- **Task brief**:
Down to the last line, set down the material below exactly, excluding pictures.

- **Dataset content**:
>>>

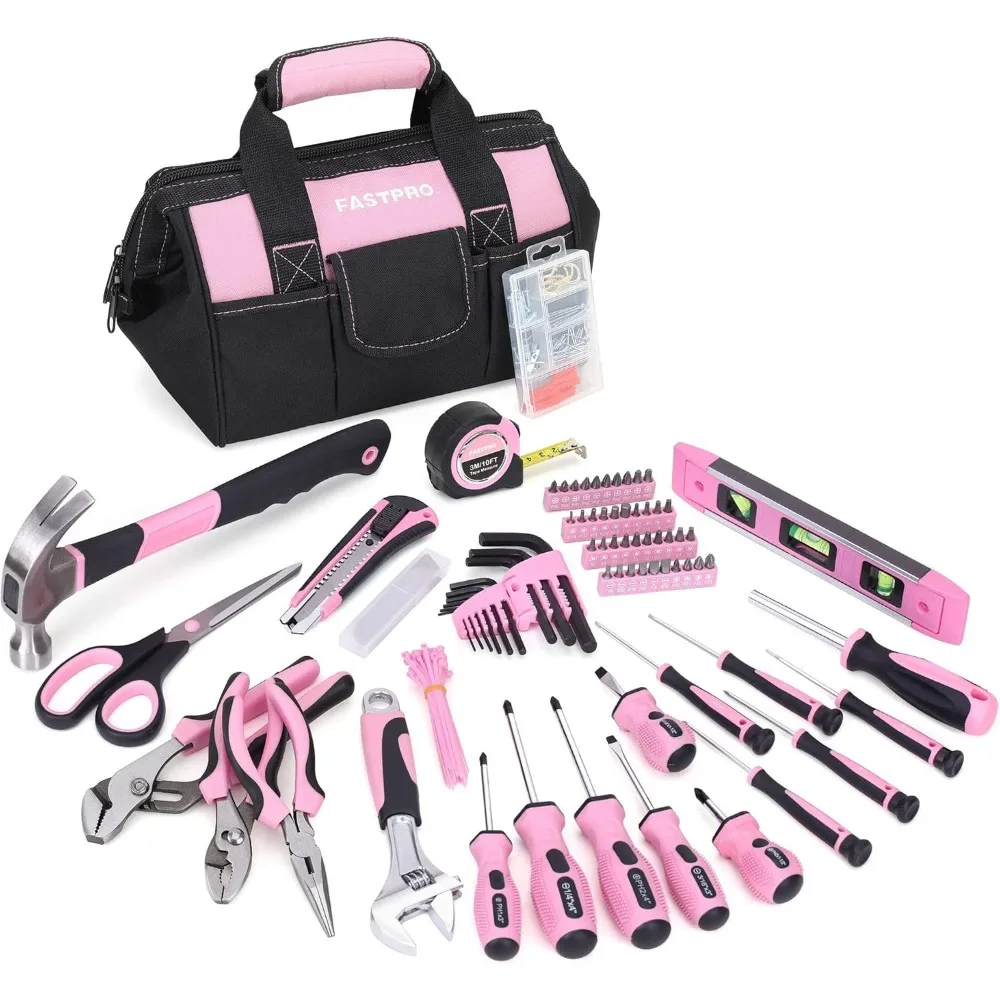 

Complete 220-Piece Women's Home Repair Tool Kit with Large Storage Bag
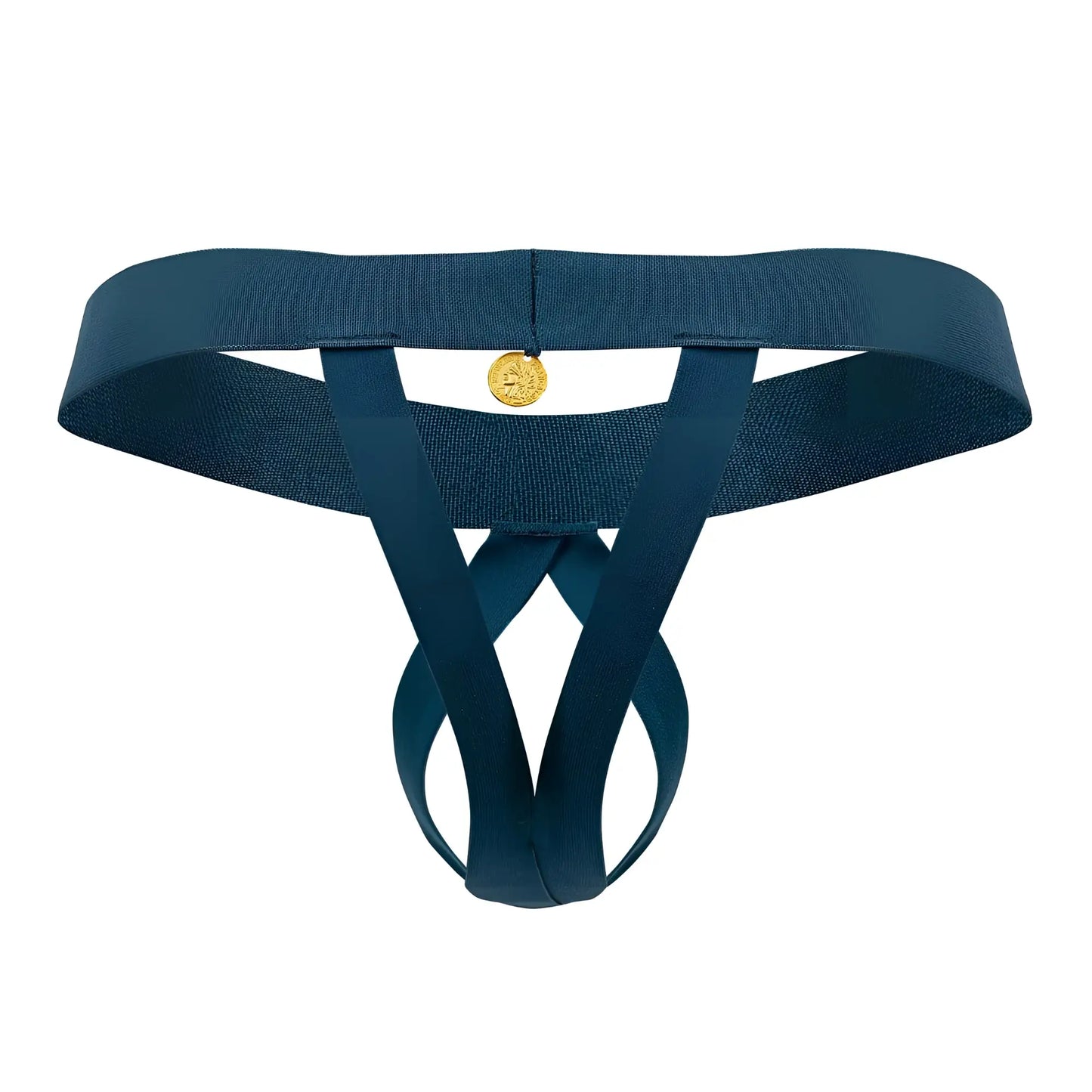 Dark blue elasticated thong with gold circular emblem at center by roger smuth rs087 ball lifter color green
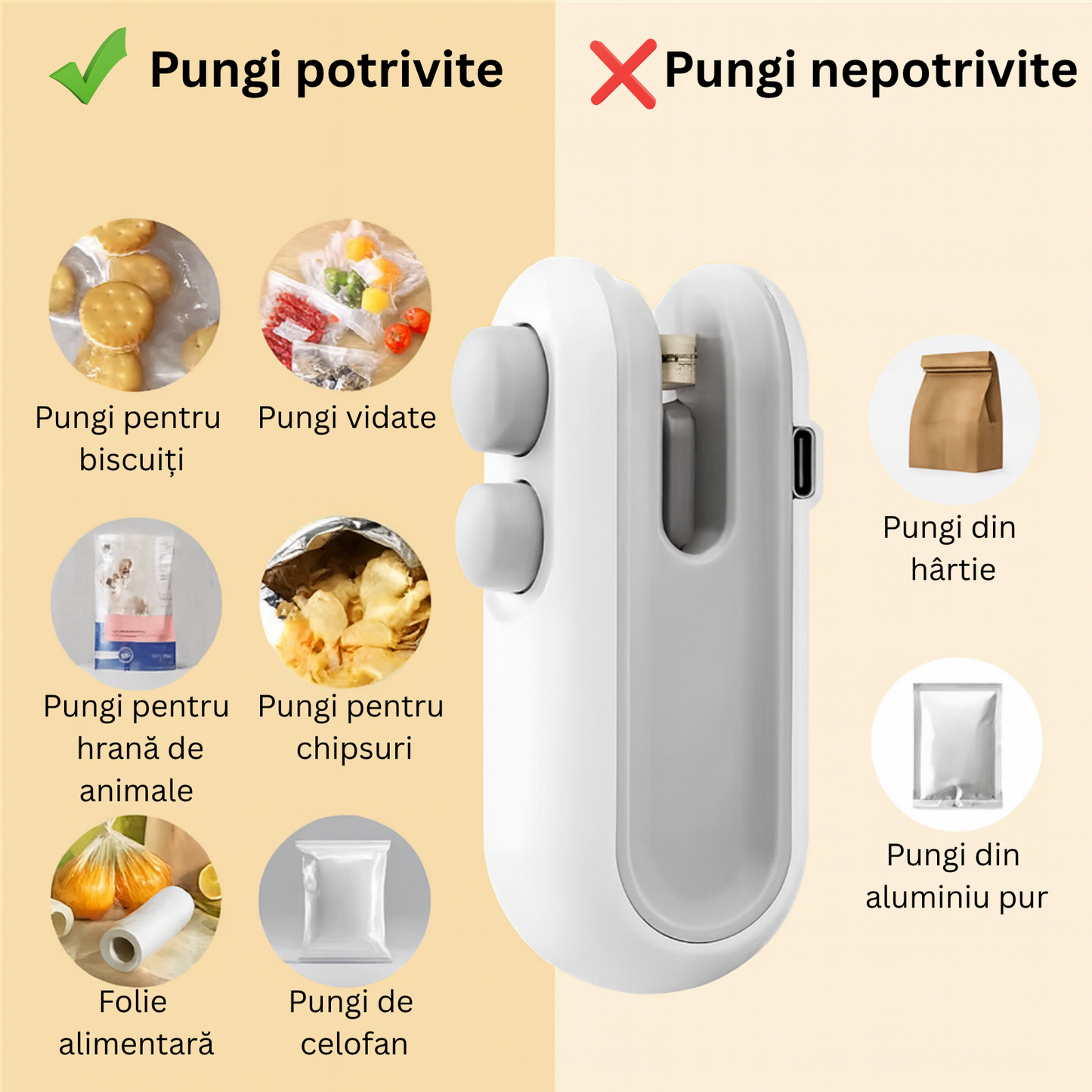 Mini Sigilator Portabil USB pentru Pungi Alimentare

<<<

- **Written reply**:
Complete 220-Piece Women's Home Repair Tool Kit with Large Storage Bag
 Dark blue elasticated thong with gold circular emblem at center by roger smuth rs087 ball lifter color green
 Mini Sigilator Portabil USB pentru Pungi Alimentare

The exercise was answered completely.